Je me rends compte de la vacuité de cette phrase avant de finir de la prononcer. Il est 17 h 00. J’entends tout autour de moi les bruissements de papiers qu’on triture, les grincements de dents qu’un cocaïnomane ne renierait pas. Nombreux sont ceux qui attendent que l’un d’entre nous la prononce. La phrase libératrice. Une des ritournelles des conseils de classe.

« On se dépêche, j’ai mes enfants à aller chercher à 17 h 30 »

Et là. Ce murmure d’apaisement. On est propulsé quelques instants après un coït. Des sourires. De la gratitude. Quelqu’un s’était lancé avant les autres et tous intérieurement le remerciaient. Oublié les chiens à l’urètre délicat, cette vieille tante à qui il fallait donner le goûter, cette visite hebdomadaire chez le gynécologue qui je cite « tombait mal, mais tu sais un rendez-vous chez un spécialiste c’est très dur à placer ». Nous allions sortir tôt. Enfin 17 h 30. Le début de la nuit en somme. Des gens mangent à 17 h 30 en Suède.

Je fais rapidement le calcul. 25 élèves dans la classe. 30 minutes. Ça fait moins d’une minute par élève. Evidemment je pourrais demander au prof de maths mais il semble tellement absorbé par sa partie de clash of clans que ça le mettrait de mauvaise humeur. Et notre prof de maths de mauvaise humeur, c’est à coup sûr le risque de le voir discourir plus encore que d’habitude. En effet, quand il prenait la parole ; il se sentait toujours obligé de resituer les faits. Chaque début de phrase voyait en vous résonner le « previously, on … » des séries américaines. Rapidement les collègues avaient compris qu’il ne fallait pas le contredire, ni même à vrai dire le regarder dans les yeux, ce qui pourrait lui faire croire en un quelconque signe d’approbation de notre part.

« Ça va faire un peu juste tout de même… ». Je tente le tout pour le tout. Mais je sais qu’un report est rare, quasi chimérique. On me répond alors que la classe fonctionne bien et que ce n’est que le conseil de classe du premier semestre. C’est vrai. Il y a aussi le deuxième semestre. On se rattrapera sur celui-là. Enfin si on est mieux placé sur la ligne de départ.

Ou comme le dossier post bac se vit comme une course de grand prix. Merde. Sortie de route.

On demande de faire entrer les délégués. Je vois la prof d’EPS et de PSE (je note que l’échange de lettres peut aussi interférer sur l’échange de compétences) demander en chuchotant qui est Elodie B.
« Ah oui, la grosse-là qui s’habille moulant.

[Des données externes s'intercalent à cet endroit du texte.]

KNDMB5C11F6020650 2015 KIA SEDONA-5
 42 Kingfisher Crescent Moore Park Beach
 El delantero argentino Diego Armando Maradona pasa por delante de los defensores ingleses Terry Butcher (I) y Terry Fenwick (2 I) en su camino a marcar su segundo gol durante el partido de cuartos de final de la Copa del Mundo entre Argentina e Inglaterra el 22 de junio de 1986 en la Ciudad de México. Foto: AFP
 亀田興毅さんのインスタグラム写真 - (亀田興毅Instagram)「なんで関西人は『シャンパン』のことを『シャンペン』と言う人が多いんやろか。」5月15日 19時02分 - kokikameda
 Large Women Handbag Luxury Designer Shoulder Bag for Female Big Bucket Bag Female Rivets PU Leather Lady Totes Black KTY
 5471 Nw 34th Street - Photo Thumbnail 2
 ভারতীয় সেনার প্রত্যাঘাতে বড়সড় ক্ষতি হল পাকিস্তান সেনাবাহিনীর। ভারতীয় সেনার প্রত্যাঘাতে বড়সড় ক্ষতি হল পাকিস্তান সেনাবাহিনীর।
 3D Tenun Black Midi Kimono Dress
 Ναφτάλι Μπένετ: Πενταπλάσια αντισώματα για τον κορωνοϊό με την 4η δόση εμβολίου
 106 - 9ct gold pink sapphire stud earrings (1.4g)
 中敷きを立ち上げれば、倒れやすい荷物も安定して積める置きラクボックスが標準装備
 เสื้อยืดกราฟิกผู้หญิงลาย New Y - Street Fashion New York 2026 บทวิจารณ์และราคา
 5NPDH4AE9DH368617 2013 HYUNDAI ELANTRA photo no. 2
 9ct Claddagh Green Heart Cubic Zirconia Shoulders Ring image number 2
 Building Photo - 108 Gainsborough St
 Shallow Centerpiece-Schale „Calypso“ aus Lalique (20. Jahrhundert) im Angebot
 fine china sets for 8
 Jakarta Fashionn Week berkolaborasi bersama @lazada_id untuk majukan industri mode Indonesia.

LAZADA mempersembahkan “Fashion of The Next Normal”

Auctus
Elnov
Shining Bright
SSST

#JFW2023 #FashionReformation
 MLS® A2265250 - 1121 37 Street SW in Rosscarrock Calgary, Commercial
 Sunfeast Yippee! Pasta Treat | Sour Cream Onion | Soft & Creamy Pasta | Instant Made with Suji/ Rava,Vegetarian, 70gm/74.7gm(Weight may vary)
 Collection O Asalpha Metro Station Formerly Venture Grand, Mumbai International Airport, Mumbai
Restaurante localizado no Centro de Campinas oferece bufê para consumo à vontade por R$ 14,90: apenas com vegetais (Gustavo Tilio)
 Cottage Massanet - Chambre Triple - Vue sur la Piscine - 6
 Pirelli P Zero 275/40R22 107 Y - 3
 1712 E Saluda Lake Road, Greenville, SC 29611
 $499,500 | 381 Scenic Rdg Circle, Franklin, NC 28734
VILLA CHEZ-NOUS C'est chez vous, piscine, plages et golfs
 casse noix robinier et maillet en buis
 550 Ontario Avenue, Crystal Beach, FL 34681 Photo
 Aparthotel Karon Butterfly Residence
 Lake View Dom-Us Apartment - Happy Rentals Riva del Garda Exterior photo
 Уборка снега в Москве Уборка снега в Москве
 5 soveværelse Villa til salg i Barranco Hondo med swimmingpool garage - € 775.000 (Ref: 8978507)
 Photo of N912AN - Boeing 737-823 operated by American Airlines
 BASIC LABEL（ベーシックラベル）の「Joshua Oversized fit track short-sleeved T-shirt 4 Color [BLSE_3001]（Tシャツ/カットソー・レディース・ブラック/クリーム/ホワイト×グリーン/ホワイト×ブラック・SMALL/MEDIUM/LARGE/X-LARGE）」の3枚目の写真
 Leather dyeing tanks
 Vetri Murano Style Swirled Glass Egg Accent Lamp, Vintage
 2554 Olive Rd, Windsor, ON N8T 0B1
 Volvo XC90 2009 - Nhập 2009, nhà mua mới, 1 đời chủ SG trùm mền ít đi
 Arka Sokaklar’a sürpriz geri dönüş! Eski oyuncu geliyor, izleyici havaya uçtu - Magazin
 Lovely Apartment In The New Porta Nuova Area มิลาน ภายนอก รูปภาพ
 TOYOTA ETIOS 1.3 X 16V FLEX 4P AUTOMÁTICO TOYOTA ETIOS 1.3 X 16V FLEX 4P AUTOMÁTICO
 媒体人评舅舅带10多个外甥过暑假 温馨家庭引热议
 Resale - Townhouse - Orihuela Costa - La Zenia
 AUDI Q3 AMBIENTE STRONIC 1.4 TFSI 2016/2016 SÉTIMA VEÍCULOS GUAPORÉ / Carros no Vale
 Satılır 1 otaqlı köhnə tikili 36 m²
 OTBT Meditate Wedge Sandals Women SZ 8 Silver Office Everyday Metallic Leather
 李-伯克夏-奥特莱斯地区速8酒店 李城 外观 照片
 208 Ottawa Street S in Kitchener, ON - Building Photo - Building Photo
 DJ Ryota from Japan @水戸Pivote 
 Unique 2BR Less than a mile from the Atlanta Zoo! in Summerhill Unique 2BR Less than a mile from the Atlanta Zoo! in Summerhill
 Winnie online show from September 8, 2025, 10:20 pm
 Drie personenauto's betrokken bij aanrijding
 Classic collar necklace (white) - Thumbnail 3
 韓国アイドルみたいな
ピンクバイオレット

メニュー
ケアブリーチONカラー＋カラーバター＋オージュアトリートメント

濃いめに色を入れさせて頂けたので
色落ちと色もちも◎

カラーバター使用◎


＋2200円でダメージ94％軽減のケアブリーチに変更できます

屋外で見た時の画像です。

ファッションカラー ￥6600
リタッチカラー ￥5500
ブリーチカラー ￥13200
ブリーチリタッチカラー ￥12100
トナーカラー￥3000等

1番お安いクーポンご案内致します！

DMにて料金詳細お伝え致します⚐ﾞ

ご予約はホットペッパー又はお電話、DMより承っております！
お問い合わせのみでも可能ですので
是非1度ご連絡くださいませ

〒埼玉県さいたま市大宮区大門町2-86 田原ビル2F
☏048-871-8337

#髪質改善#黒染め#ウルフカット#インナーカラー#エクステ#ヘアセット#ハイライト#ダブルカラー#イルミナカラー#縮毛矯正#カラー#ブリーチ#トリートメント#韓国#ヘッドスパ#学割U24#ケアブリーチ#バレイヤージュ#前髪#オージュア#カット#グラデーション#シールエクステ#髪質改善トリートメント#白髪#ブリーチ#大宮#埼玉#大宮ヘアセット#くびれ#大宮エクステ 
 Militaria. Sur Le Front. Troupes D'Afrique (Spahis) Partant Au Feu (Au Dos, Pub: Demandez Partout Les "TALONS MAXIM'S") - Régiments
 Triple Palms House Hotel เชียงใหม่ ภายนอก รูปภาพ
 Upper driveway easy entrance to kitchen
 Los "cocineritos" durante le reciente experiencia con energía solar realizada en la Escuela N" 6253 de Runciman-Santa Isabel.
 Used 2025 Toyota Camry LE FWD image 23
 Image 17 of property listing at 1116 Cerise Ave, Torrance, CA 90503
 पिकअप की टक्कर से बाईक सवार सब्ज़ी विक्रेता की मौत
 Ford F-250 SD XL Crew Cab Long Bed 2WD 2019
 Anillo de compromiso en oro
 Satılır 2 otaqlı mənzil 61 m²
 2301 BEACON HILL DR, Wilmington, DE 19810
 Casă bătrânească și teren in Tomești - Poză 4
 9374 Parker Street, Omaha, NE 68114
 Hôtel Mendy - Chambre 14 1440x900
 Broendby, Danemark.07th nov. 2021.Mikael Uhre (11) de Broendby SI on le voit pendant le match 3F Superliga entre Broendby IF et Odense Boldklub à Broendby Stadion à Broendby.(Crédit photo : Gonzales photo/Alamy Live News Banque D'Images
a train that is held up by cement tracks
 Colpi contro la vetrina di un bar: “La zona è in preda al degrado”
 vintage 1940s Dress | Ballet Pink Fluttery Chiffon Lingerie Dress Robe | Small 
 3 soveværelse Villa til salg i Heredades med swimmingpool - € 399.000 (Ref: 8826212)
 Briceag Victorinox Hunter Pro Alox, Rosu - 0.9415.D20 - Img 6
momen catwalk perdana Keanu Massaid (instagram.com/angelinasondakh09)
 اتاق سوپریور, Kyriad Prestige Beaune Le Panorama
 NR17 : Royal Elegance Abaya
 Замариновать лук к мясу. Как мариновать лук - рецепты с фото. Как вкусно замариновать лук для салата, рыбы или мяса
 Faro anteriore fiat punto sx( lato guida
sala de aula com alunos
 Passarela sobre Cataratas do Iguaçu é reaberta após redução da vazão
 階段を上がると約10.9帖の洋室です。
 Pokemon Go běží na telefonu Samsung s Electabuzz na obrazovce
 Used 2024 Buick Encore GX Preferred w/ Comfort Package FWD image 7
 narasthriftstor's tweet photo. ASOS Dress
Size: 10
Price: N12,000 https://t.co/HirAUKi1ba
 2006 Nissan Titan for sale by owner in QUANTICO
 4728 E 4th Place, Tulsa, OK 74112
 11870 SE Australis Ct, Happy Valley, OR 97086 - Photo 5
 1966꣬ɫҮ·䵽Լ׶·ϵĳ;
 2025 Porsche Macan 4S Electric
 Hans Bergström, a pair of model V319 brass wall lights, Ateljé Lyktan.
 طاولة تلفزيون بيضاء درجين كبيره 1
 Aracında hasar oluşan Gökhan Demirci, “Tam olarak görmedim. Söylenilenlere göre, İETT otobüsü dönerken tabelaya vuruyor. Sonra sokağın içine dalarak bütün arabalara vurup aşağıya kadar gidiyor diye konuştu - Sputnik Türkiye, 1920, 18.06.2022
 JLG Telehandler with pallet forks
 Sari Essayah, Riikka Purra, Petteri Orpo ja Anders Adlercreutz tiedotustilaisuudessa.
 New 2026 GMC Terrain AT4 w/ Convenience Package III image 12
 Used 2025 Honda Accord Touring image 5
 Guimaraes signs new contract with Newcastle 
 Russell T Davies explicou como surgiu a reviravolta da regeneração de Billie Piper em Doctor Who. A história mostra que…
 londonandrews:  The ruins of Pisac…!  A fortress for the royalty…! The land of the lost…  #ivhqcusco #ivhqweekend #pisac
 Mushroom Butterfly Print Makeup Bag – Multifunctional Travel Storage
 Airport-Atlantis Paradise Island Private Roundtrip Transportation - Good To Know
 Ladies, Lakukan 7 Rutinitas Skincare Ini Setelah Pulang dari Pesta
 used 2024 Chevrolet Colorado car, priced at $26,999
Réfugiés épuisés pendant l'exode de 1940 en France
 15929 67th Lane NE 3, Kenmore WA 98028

Impossible de lui faire faire quoi que ce soit sur le terrain ! » Rires. « Je te dis pas quand je vais aborder l’alimentation en PSE ». Rires gras sans glucides.

Réflexions pédagogiques

Je me rends compte à quel point il est possible de forcer le trait, de caricaturer l’enseignant. Mais à quel point la réalité peut parfois dépasser toute tentative d’écriture fictionnelle.

Oui, nous avions en face de nous des jeunes souvent durs, dans leurs regards dans leurs paroles sur les autres. Donc sur nous, incarnation de l’Autorité et du Savoir. Et nous, bien souvent en face, nous étions ces mêmes jeunes, à peine vieillis, jamais sortis du système scolaire.

Du pupitre à la chaise.

Du bureau à la chaire.

Tétanisés devant la récitation hebdomadaire du Corbeau et le Renard.

Puis.

Tétanisés devant l’oral du concours, devant un jury de « collègues » qui ce jour avaient pris soin de revêtir leur costume d’apparat Pol Potien, voulant nous briser juste pour voir si nous saurions face à eux, répondre de nos actes. Faire face.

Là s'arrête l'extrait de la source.